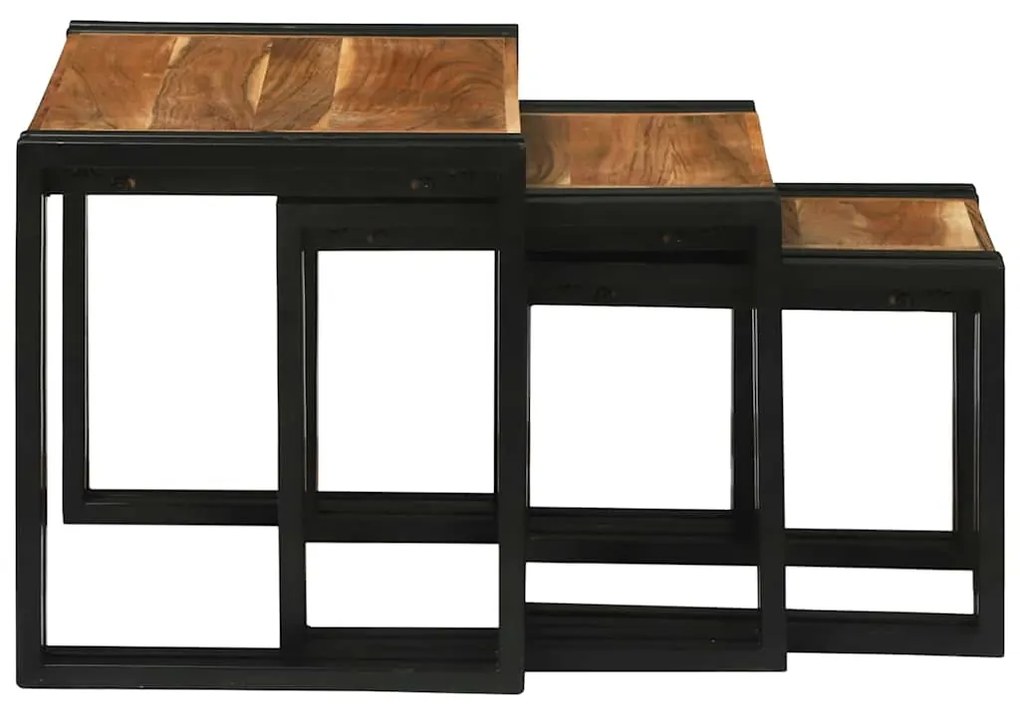 vidaXL Τραπέζι Σαλονιού με Στηρίγματα 3 pcs Καφέ και Μαύρο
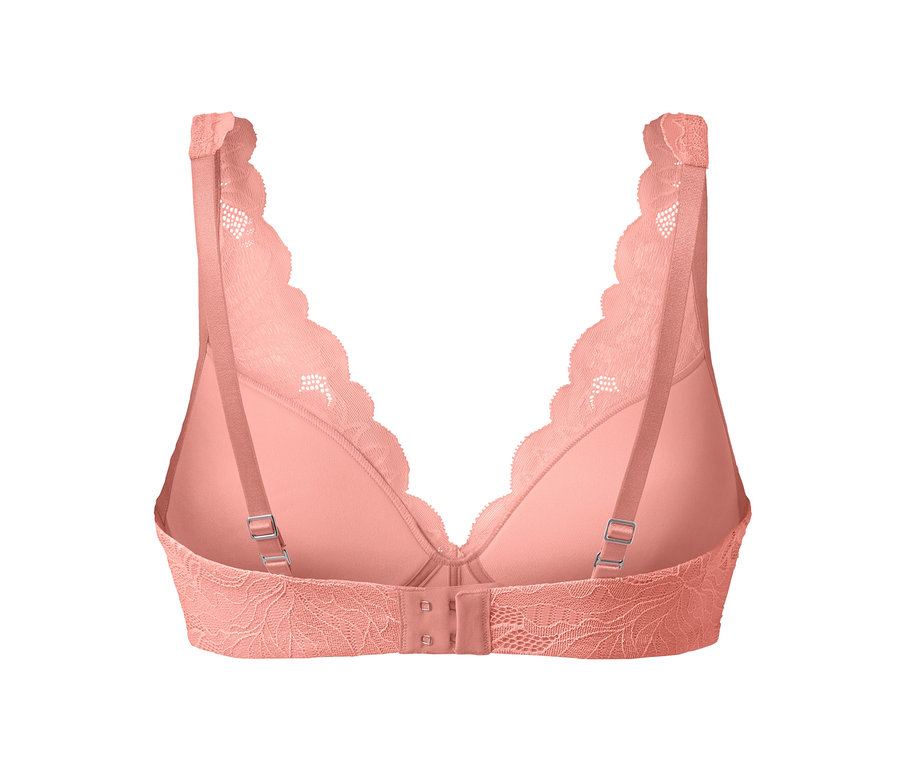 Detailansicht eines aprikosenfarbenen Softschalen-BHs für Damen.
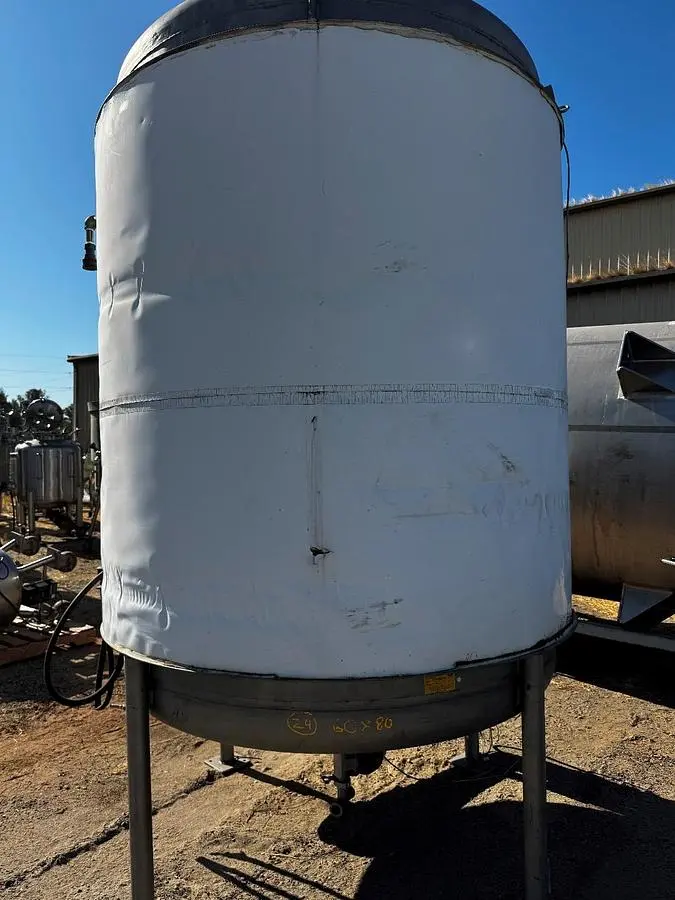 Tank, 1,000 Gallon, Jacketed, Insulated, Bottom Agitated, Stainless Steel, #5991479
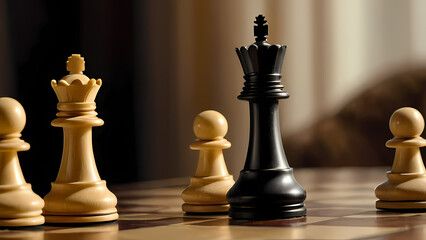 close-up image of a king and pawn chess pieces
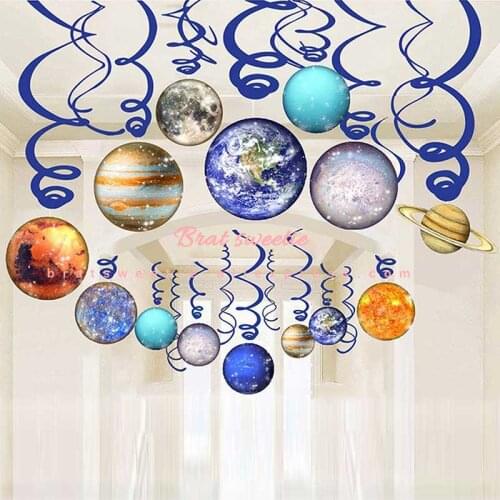 30pcs Solar System Hanging Swirl Decorations Party Outer Space Party Supplies Planet Kids Theme Birthday Decorations Ornaments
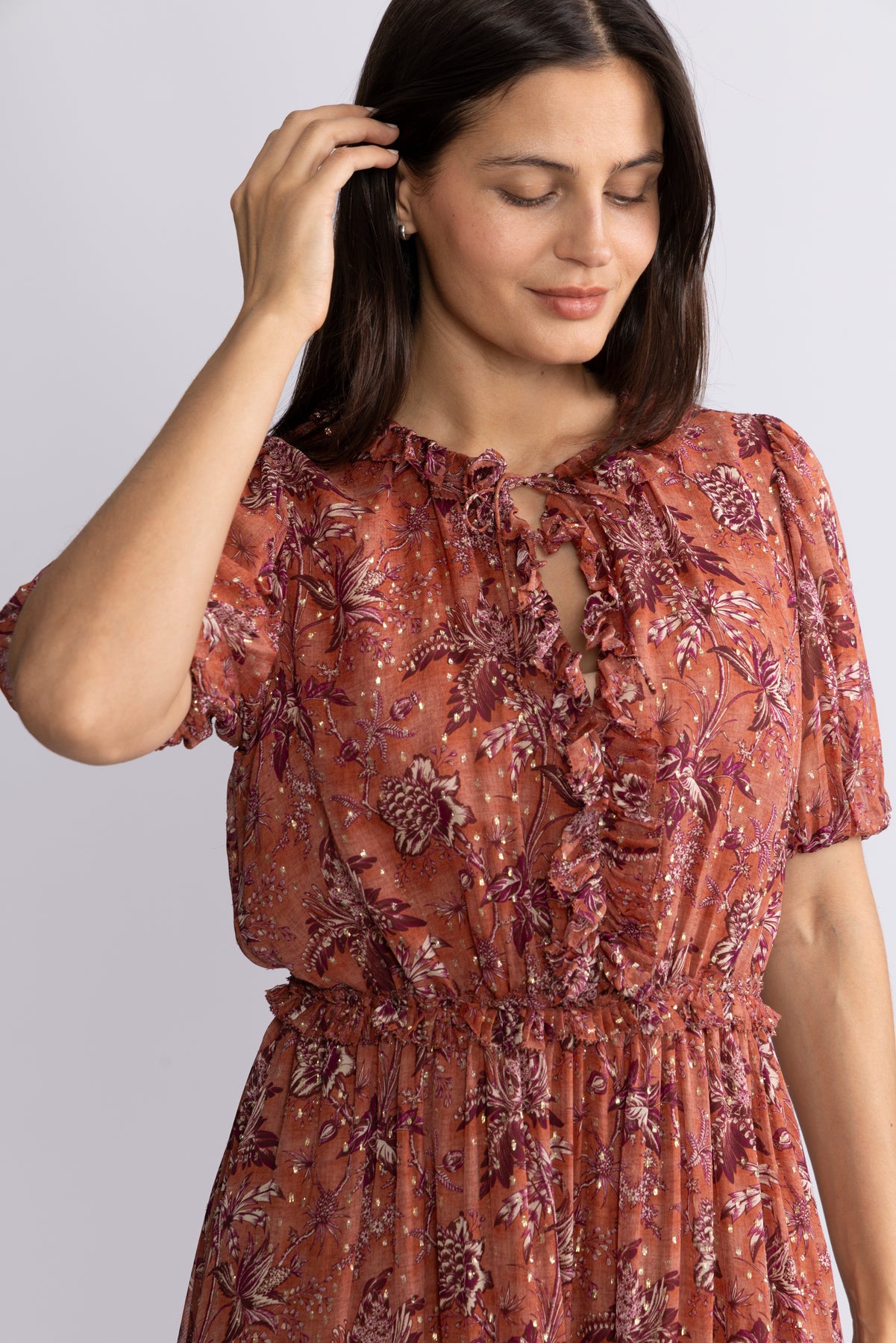 Rosamunde Puff Sleeve Dress - Oleander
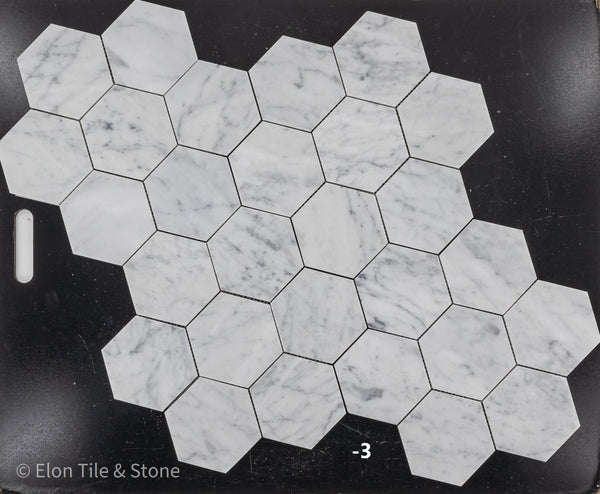Bianco Carrara 5" Hexagon Mosaic Honed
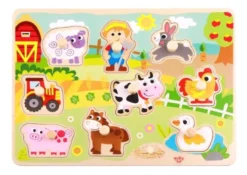 Träpussel med figursågade bondgårdsdjur Tooky Toy
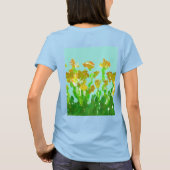 Abstract groen & goud bloemmotief dames basic T-sh T-shirt (Achterkant)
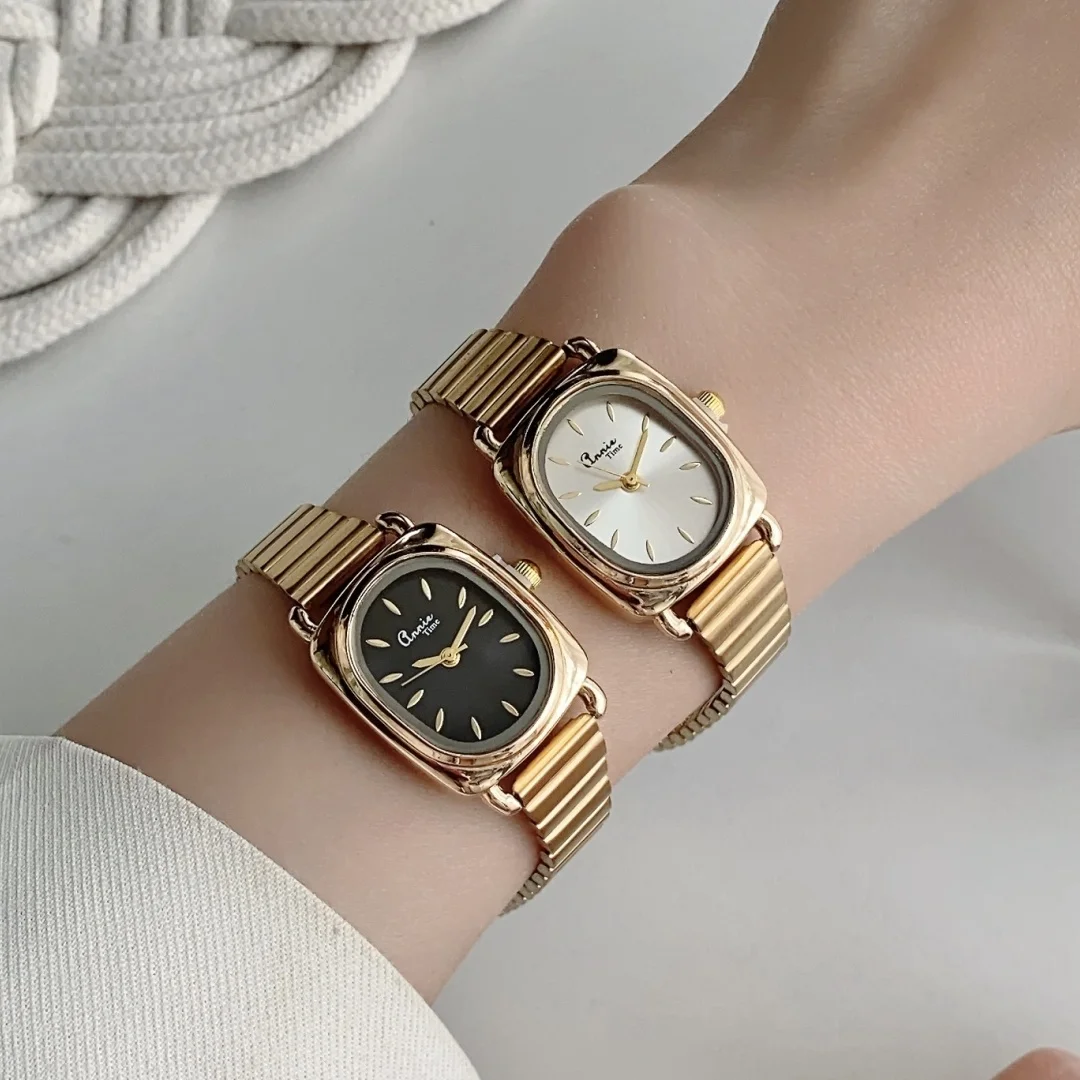 Newest Women's Wristwatch Gold Bracelets Adjustable Stainless Steel Band Oval Ladies Watches Quartz Female Clock Reloj Mujer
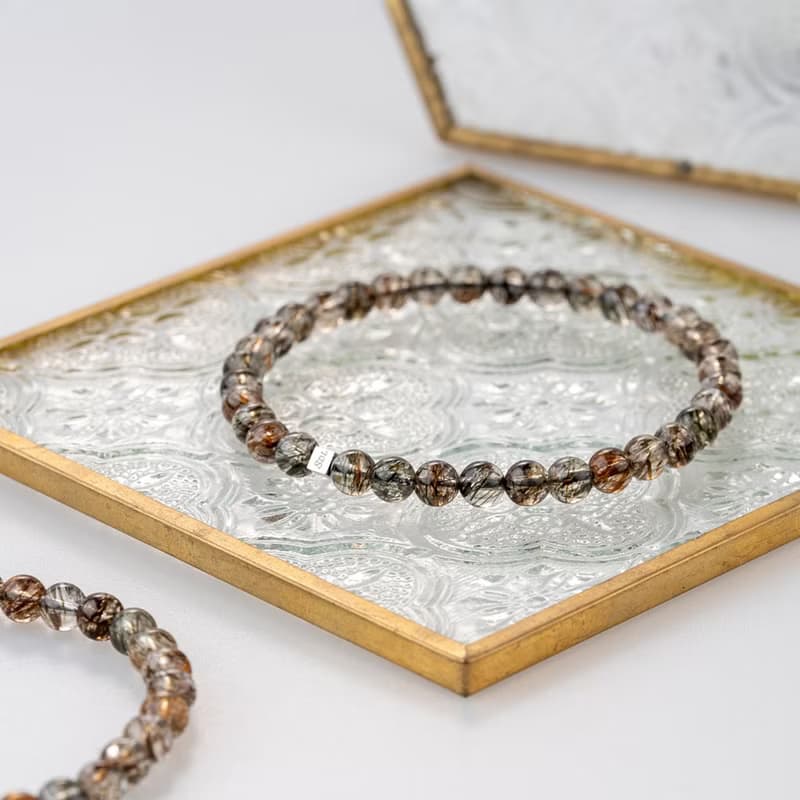 冰透黑金超 | 天然能量手串 | 4.5-5.5mm D11209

- - -

• Task brief:
Copy out all of the listing word for word, but skip the images.

• Finished exercise:
 vidaXL Τραπέζι Σαλονιού με Στηρίγματα 3 pcs Καφέ και Μαύρο
 Detailansicht eines aprikosenfarbenen Softschalen-BHs für Damen.
 Tank, 1,000 Gallon, Jacketed, Insulated, Bottom Agitated, Stainless Steel, #5991479
 close-up image of a king and pawn chess pieces
 30pcs Solar System Hanging Swirl Decorations Party Outer Space Party Supplies Planet Kids Theme Birthday Decorations Ornaments
 Rosamunde Puff Sleeve Dress - Oleander
Bianco Carrara 5" Hexagon Mosaic Honed
 Träpussel med figursågade bondgårdsdjur Tooky Toy
 Abstract groen & goud bloemmotief dames basic T-sh T-shirt (Achterkant)
 Newest Women's Wristwatch Gold Bracelets Adjustable Stainless Steel Band Oval Ladies Watches Quartz Female Clock Reloj Mujer
 冰透黑金超 | 天然能量手串 | 4.5-5.5mm D11209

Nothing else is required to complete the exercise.